Vantage on management: Engineering is science is engineering en ru

A visual depiction of engineering and scientific approaches.
- Points of view on a product
- Hypothesis testing loop
- What to read, when, and why
- No instructions for engineering
- Engineering is science is engineering
In the previous post, we discussed that engineering is a creative activity that cannot be reduced to following instructions. Therefore, to manage engineering teams, it is necessary to use practices intended for creative teams.
And what could be more creative than a jazz band science?
That's why, in this post, I will try to show that engineering is conceptually much closer to science than it may seem at first glance, and that in the modern world, these disciplines are converging ever faster.
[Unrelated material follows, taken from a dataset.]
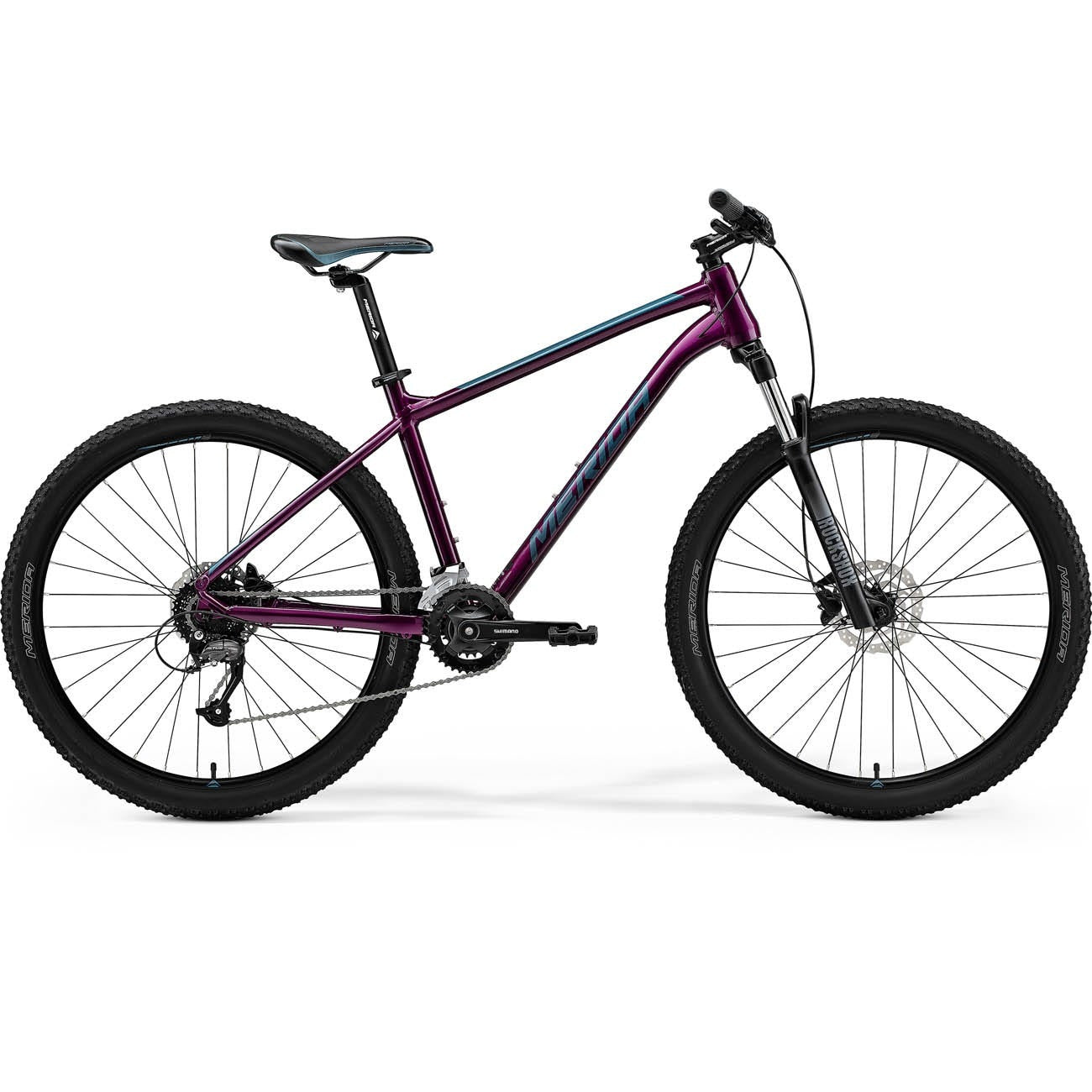Merida Big 7 60 Mountain Bike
I would even bet that the boundary between them will eventually disappear.
Disclaimers
In the previous post, there is a whole disclaimer section about discussing engineering and creativity. I won't repeat them here.
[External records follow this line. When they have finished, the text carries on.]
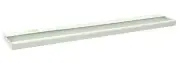 33" 13 Watt, 980 lumens, LED Linkable Under Cabinet, 3500 kelvin, 120 volt - UL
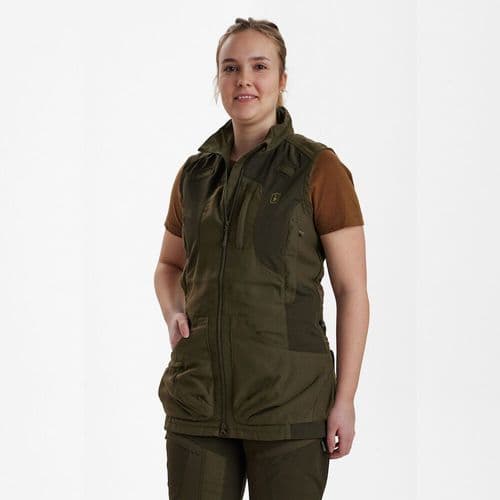 Deerhunter Lady Ann Extreme Waistcoat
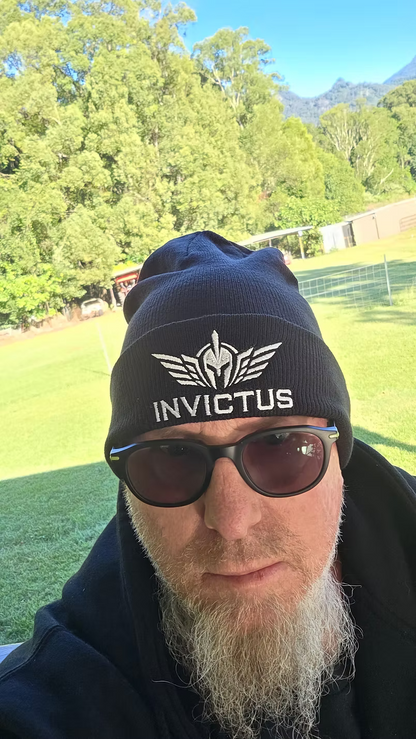 INVICTUS SKULLGUARD Beanie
If any statements strike you as controversial, exaggerated, or if you do not see important special cases mentioned, please first read that section.
Also note that this essay contains significantly more from the engineering side than from the science side. Because I am on the engineering side and primarily interested in improving my life :-)
Why engineering resembles science
Engineers produce new knowledge
In the previous post, we discussed that engineering produces new information.
In this post, I aim to make a stronger statement and point out that the information produced by engineering is new knowledge about the world.
There are numerous definitions of knowledge; for our purposes, let me use the following one:
Knowledge is organized, strongly connected information that enables the creation of reliable models [ru] of the behavior of the surrounding reality, or can be used by such models.
- Records of explosions of various substances are information.
- A formal description of an engine with a given energy conversion efficiency is knowledge.
From a philosophical standpoint, engineering and science produce different kinds of knowledge:
- Science
sometimesproduces conceptually new knowledge about the world — how the world works — the structure of DNA, Newton's law of universal gravitation, Einstein's formula relating energy and mass. - Engineering produces applied knowledge — how to make a specific thing that will interact with the world in a predictable way — a bridge blueprint, the source code of the blog you're reading now, the design drawings of the Large Hadron Collider.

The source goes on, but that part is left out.